Per riepilogare tutta la storia, si diceva, bisogna riavvolgere il nastro fino al 1999, quando la Regione Abruzzo indice un avviso perla partecipazione ai Prusst. Nello stesso anno la proposta d’intervento formulata dalla Abruzzo Felix sas (società che cederà poi i propri diritti ad Akka) viene approvata dal Comune di Chieti e, nel 2000, anche dal ministero. Nel 2011 il municipio e la Regione stipulano l’accordo finalizzato, tra l’altro, alla realizzazione del megastore in località Santa Filomena.

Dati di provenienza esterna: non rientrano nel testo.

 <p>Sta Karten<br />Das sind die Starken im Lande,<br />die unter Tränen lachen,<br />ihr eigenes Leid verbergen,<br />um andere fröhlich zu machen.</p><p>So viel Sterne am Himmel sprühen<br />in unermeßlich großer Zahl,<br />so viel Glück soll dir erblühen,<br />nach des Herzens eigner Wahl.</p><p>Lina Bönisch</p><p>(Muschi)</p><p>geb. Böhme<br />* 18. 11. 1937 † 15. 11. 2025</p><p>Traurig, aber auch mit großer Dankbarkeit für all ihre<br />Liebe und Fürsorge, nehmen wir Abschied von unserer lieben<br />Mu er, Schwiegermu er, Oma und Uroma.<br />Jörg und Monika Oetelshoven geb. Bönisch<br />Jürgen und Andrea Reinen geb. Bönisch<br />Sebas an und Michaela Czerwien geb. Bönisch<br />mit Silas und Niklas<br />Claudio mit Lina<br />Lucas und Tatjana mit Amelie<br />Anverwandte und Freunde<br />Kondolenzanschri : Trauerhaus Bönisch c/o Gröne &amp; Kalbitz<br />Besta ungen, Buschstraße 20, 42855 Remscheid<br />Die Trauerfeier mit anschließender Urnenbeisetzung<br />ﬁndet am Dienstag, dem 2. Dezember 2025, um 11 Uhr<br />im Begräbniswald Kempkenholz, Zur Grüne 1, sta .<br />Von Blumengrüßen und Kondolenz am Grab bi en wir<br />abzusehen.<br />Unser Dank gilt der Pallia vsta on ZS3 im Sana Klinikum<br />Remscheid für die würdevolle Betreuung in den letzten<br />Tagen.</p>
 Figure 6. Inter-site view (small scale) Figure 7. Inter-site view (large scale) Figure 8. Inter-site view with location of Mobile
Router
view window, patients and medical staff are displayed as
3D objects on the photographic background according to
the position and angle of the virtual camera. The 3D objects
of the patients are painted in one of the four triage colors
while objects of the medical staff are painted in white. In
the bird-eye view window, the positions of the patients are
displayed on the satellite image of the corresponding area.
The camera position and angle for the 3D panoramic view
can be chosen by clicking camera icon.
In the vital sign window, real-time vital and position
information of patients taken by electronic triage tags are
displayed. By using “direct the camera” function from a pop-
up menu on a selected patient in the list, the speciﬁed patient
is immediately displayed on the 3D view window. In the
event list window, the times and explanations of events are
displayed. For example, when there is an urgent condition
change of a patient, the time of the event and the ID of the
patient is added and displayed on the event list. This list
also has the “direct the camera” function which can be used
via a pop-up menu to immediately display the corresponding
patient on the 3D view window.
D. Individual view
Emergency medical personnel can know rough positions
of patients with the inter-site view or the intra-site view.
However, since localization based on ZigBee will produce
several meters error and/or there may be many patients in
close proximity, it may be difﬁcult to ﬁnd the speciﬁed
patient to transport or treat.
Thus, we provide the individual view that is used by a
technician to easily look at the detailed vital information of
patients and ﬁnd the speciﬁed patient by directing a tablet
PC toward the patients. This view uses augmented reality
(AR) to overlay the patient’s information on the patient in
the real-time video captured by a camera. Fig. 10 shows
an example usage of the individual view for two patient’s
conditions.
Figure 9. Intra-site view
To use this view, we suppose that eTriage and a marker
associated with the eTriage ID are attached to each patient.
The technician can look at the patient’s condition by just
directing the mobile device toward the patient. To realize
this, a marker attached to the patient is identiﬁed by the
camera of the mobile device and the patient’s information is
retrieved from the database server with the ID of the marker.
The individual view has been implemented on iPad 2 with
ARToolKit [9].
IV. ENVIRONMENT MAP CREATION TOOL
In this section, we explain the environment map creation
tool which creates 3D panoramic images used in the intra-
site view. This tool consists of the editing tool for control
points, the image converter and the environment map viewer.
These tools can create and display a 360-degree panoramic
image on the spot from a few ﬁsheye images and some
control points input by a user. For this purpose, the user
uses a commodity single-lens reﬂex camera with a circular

Seguono ricorsi e controricorsi davanti ai giudici amministrativi con addebiti reciproci per i ritardi accumulati. Gli ambientalisti del Wwf e le associazioni cittadine – dalla Confesercenti alla Confcommercio, passando per la Cna – contestano aspramente l’opera, con tanto di manifestazioni in strada. La vicenda diventa ancora più ingarbugliata quando scoppia l’inchiesta penale, portata avanti dall’allora Corpo forestale e dalla squadra mobile di Pescara. L’accusa più grave di corruzione, dopo qualche anno, va in archivio.

LA BOCCIATURA

Arriviamo così al 3 marzo 2021: Akka invia una diffida al Comune, invitandolo a concludere il procedimento e a firmare quella convenzione attesa da un decennio. Ma l’amministrazione guidata da Ferrara, dopo un lungo confronto con gli uffici comunali, rileva «una serie di problemi tecnici relativi all’opera», sulla scorta dei quali arriva il no al Megalò 3, ratificato in consiglio comunale. Il Wwf esulta: «L’amministrazione, attraverso una verifica puntuale dei fatti che ha tenuto conto anche delle modifiche del Psda, il Piano stralcio difesa alluvioni, ha precisato che non sussiste alcun interesse della collettività per questo insediamento. Costruire a ridosso di un fiume già sin troppo martoriato, la cui tutela tra l’altro ha l’importante compito di salvaguardare ambiente e salute dei cittadini, è una scelta sbagliata, ancor più intollerabile oggi: i cambiamenti climatici in atto stanno impietosamente denunciando gli errori commessi in passato, anche in un passato recente, che non possiamo più permetterci».

L’ULTIMA SENTENZA

Akka si gioca un’ultima carta prima al Tribunale amministrativo regionale, poi davanti al Consiglio di Stato. Ma la sentenza di otto pagine dei giudici romani (presidente Garardo Mastrandrea, consiglieri Francesco Gambato Spisani, Silvia Martino, Giuseppe Rotondo ed Emanuela Loria) è netta: quel programma di riqualificazione urbana è decaduto. Anche perché, si legge in un passaggio chiave delle motivazioni, «a fronte dell’inerzia e dei ritardi della parte privata, non siritenere che la mancata attuazione della convenzione sia addebitabile all’amministrazione pubblica». Tradotto: il ricorso di Akka va rigettato.